Ten's shares were down 3 per cent to 87¢ during trading.
A spokeswoman for Communications Minister Mitch Fifield said the government understands broadcasters are under pressure as a result of technological change and global competition.
"The government cut broadcast licence fees in the last budget and is examining whether further relief can be offered, in the context of the many demands on the budget," she told Fairfax Media.
Late on Thursday afternoon industry peak body Free TV Australia said chief executive Brett Savill has quit after just four months in the role.
"I have formed the view that the role is not the right fit for me and I believe it is the right thing to do to step aside now so that FreeTV can pursue its agenda under a new leader," Mr Savill said.
Free TV Australia chairman Harold Mitchell said he was disappointed the appointment had not worked out.

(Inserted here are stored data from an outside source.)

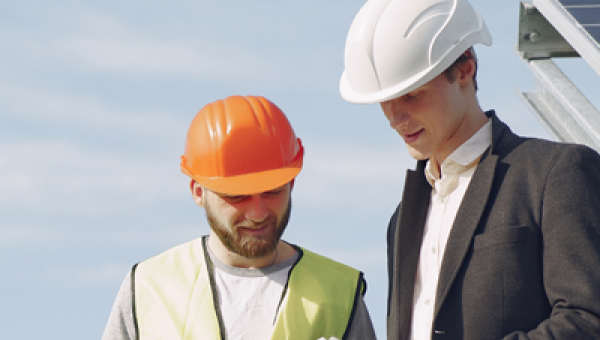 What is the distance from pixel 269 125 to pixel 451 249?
1.58 meters

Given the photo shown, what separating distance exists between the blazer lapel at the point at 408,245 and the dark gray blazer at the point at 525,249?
34 centimetres

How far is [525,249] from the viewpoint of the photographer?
13.5 ft

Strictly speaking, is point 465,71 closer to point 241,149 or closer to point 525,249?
point 525,249

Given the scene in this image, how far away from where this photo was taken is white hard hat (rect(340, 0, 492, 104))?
4457 mm

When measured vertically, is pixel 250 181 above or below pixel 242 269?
above

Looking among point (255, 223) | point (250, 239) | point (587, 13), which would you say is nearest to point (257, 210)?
point (255, 223)

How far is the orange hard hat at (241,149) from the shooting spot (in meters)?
5.05

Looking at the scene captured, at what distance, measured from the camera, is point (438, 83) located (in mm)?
4484

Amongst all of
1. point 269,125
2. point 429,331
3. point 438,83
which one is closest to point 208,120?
point 269,125

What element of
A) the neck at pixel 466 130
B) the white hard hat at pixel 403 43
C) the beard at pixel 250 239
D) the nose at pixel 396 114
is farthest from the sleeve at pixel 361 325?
the white hard hat at pixel 403 43

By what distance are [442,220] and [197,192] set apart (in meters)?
1.71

Meanwhile, metro television ad bookings fell 4.7 per cent in January compared to last year, according to Standard Media Index.

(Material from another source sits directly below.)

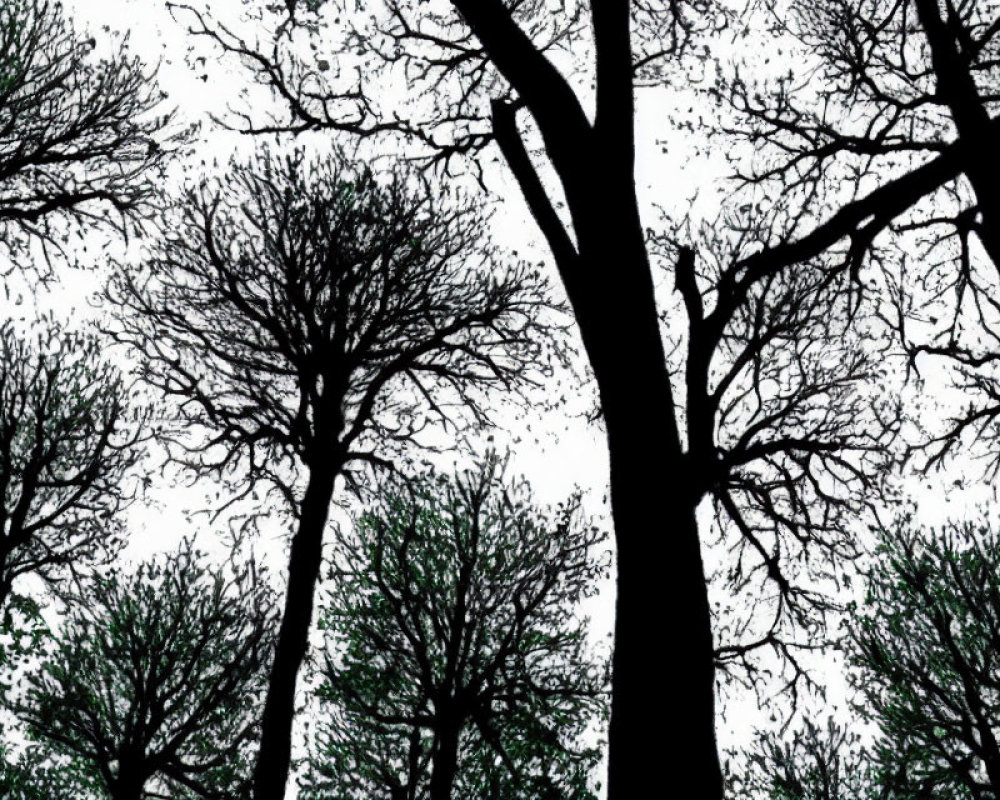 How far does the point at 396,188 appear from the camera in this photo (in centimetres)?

Media buying agencies say advertisers want to pay for the size of the audience reached, so networks can still charge high prices for ads on blockbuster shows. But this means advertising prices fluctuate wildly.
What we know from each of the networks making statements to the market is that the [advertising] market is short and terribly tight.
Managing director at Fusion Strategy, Steve Allen
And prices in general have dropped as television competes against online advertising. A 30-second ad during prime time cost about $60,000 five years ago, but has now dropped to roughly $50,000 this year.
A day before Ten's profit warning Seven West Media revealed a 90 per cent drop in first-half earnings, and 30 per cent decline in underlying profit. Analysts are now expecting its full-year pre-tax earnings to be down 22 per cent, 2 percentage points more than the company predicts. Seven's shares dropped 6 per cent to 73¢, but inched back to 75¢ on Thursday.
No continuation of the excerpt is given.